MPs' Expenses - The Next Chapter

According to today's news reports, the MPs' expenses scandal is set to rumble on for weeks and months to come.

The latest development is that as many as 325 MPs (over half the total number) will receive letters this week - following an independent enquiry - which has looked back over their expenses claims for the past five years.

Many are expected to have to repay expenses that have been wrongly claimed - or to be asked to provide further to justify their claims.

But even before the spotlight focuses once more on MPs in the House of Commons - the behaviour of another 'honourable' member from the House of Lords has been exposed by the Sunday Times.
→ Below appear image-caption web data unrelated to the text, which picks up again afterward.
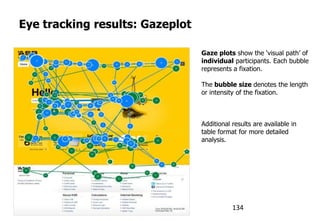 Eye tracking results: Gazeplot
Gaze plots show the „visual path‟ of
individual participants. Each bubble
represents a fixation.
The bubble size denotes the length
or intensity of the fixation.
Additional results are available in
table format for more detailed
analysis.
134
 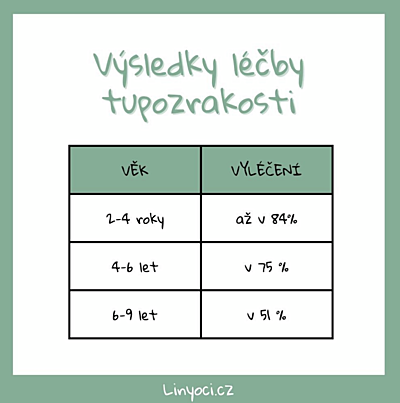 tupozrakost u&nbsp;dětí - šance na&nbsp;vyléčení vady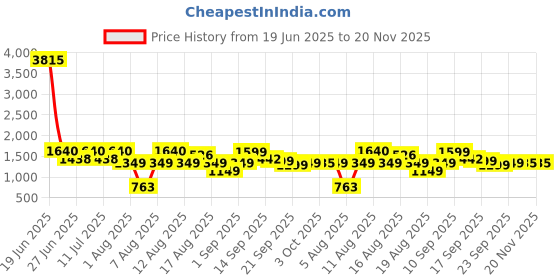 myntra.com LULU & SKY Full Coverage Activewear Sports Bra lulu & sky Price History Graph from 19 Jun 2025 to 20 Nov 2025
Here's an extract from today's paper - the full article can be read on-line at http://www.timesonline.co.uk/

"A multi-millionaire ally of Gordon Brown pretended that a small flat occupied by one of his employees was his main home so he could claim £38,000 in expenses from the Lords.
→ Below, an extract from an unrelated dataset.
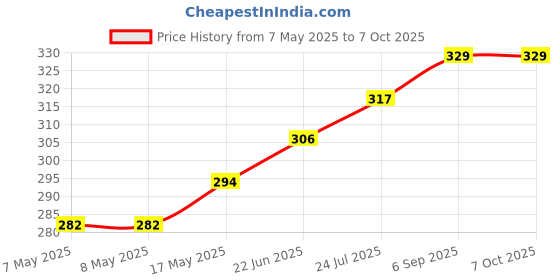 industrybuying.com MOLEX Pin Headers CONNECTOR, HEADER, 2POS, 1ROW, 1MM 501568-0207 (Pack of 5) molex Price History Graph from 7 May 2025 to 7 Oct 2025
Lord Paul, one of Labour’s biggest donors and a friend of the prime minister, has admitted he never even slept in the flat, despite stating it was his main residence.

The one-bedroom flat was occupied by a manager from one of Paul’s hotels who confirmed last week that the peer had never lived there while claiming the expenses.

Paul, who has a family fortune of £500m, was actually based in London, where he has lived for more than 40 years."

According to the Sunday Times, Lord Paul was able to claim cash allowances - which are normally only available to peers who live in London - by saying his main home was his manager’s flat in Oxfordshire.